Tom's wife is arrested for taking a baby. The publicity that attends her arrest reflects badly on the school, and Tom is told that he now must retire. In response, he uses his impending forced retirement as an excuse to recount a story to his students. The pivot of Waterland focuses on both the past in 1943, and the present time thirty years after – all related through the eyes of Tom as an adolescent.

The novel addresses some three hundred years of local history – including that of Tom's family – this relates to the broader historical currents of past centuries. It refers to smuggling and the isolation in the small towns of the Fens.

Much of the contemporary plot centres on Tom's tumultuous relationship with Mary, both as teenagers and after their marriage. Tom's brother Dick is mentally handicapped; he grows jealous when they are teenagers because of his own attraction to Mary. She grew up on her father's farm, located near the house of Tom's family. Tom's father, a lock keeper, lives with his two sons in the lock-keeper's cottage, beside a tributary of the Great Ouse. Tom's mother dies when he is ten years old. Mary's mother had died during her birth, and she is confined by a rigid religious upbringing from her father in her childhood.

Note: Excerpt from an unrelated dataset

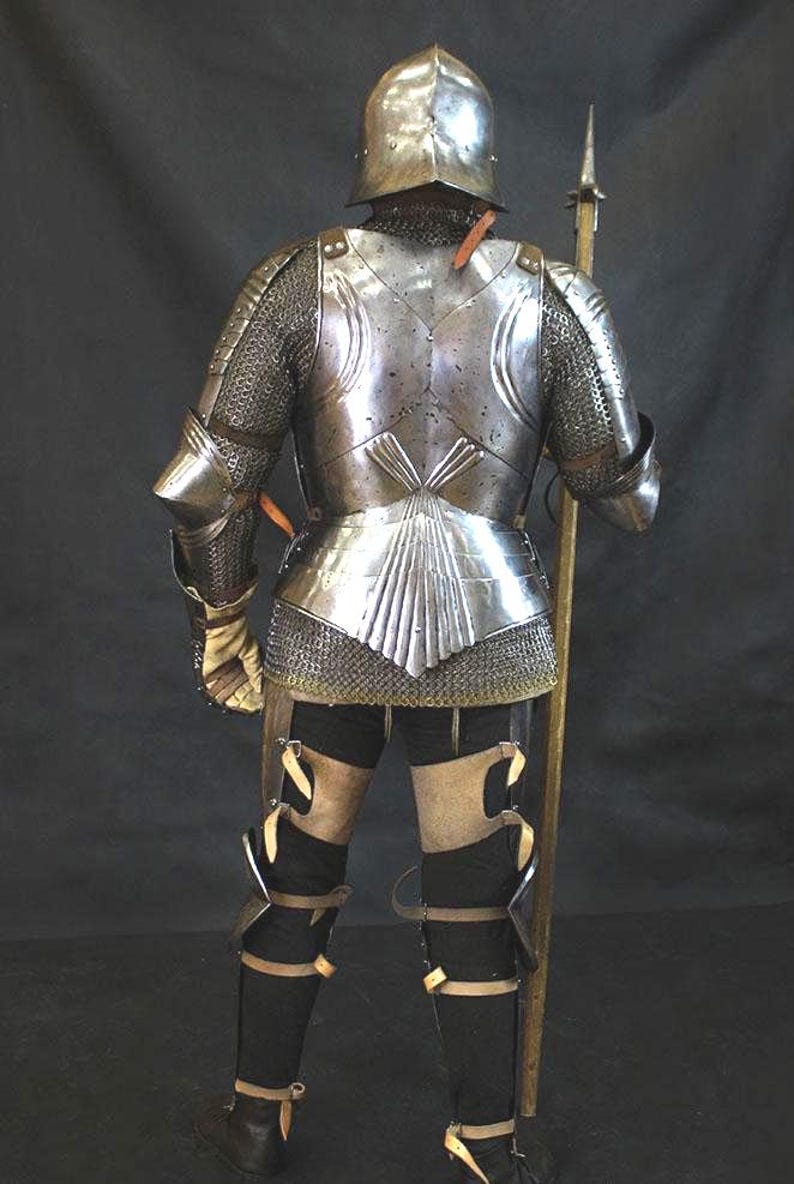Handcrafted German Medieval Steel Armor for Reenactment
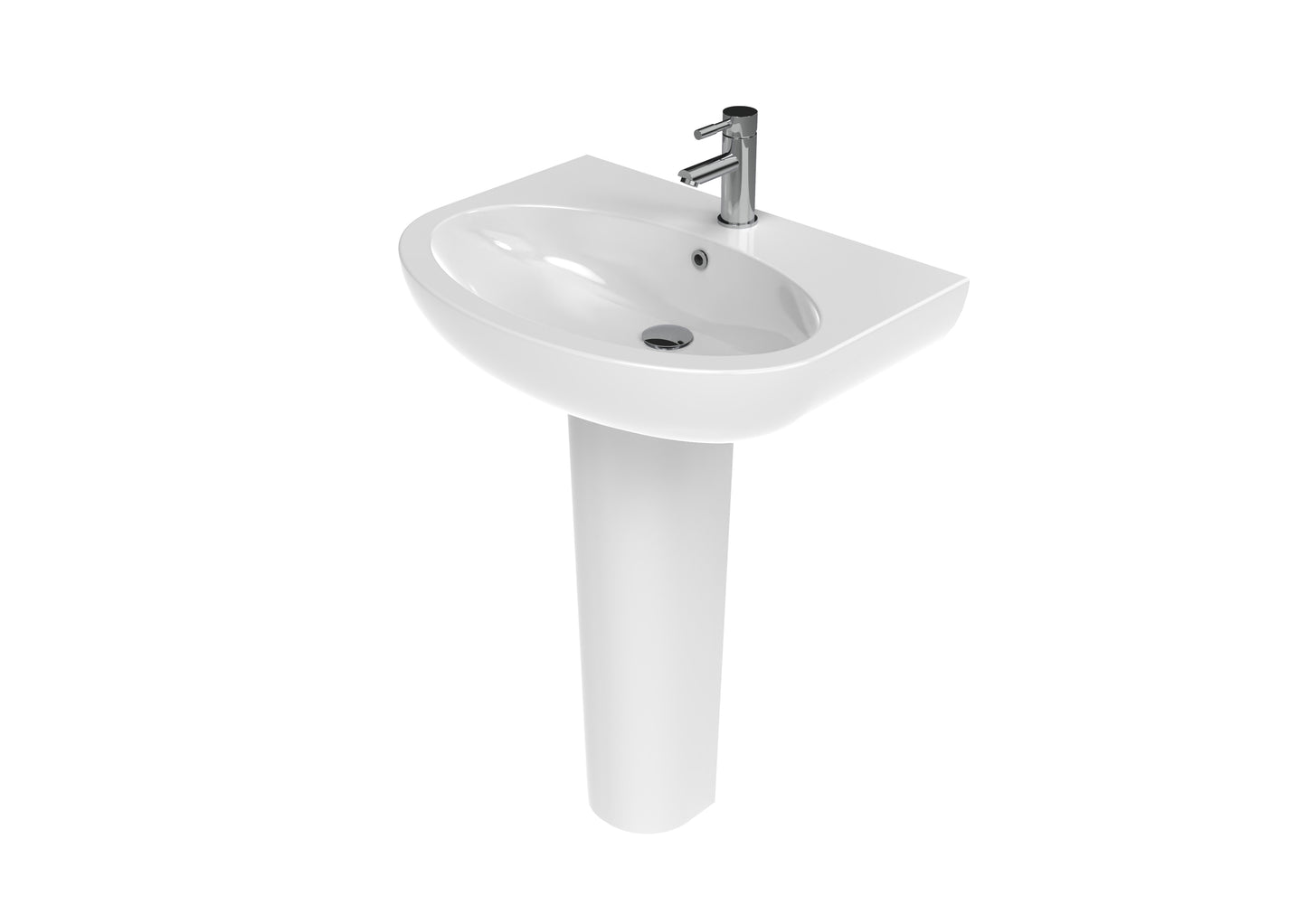 AIR 65x48cm washbasin 1TH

Mary and Tom slip into a relationship. Dick resents them. When she learns she is pregnant, Dick overhears and asks Mary if he is the father, but she tells him another boy, Freddie Parr, is the father. Dick fights with a drunken Freddie, who drowns after Dick pushes him into the river. Mary and Tom go to an old woman for an abortion, which leaves Mary sterile. Her father forces her into seclusion for three years. Eventually, she and Tom reunite and marry after the Second World War. Tom begins his teaching career while Mary works in an old people's home.

In the present day, Tom returns the child to its mother. Mary is arrested and committed to a mental institution.

The plot closes on Dick's breakdown following the revelation that he was born from the incestuous relationship his grandfather forced on his daughter. His adoptive father has never really accepted him. Dick becomes drunk, rides away on his motorbike and throws himself in the water. His death haunts Tom for the rest of his life.

==Film adaptation==
In 1992, a film version of Waterland was released, directed by Stephen Gyllenhaal and starring Jeremy Irons. The adaptation retained some major plot points but moved the contemporary location to Pittsburgh, and eliminated many of the extensive historical asides.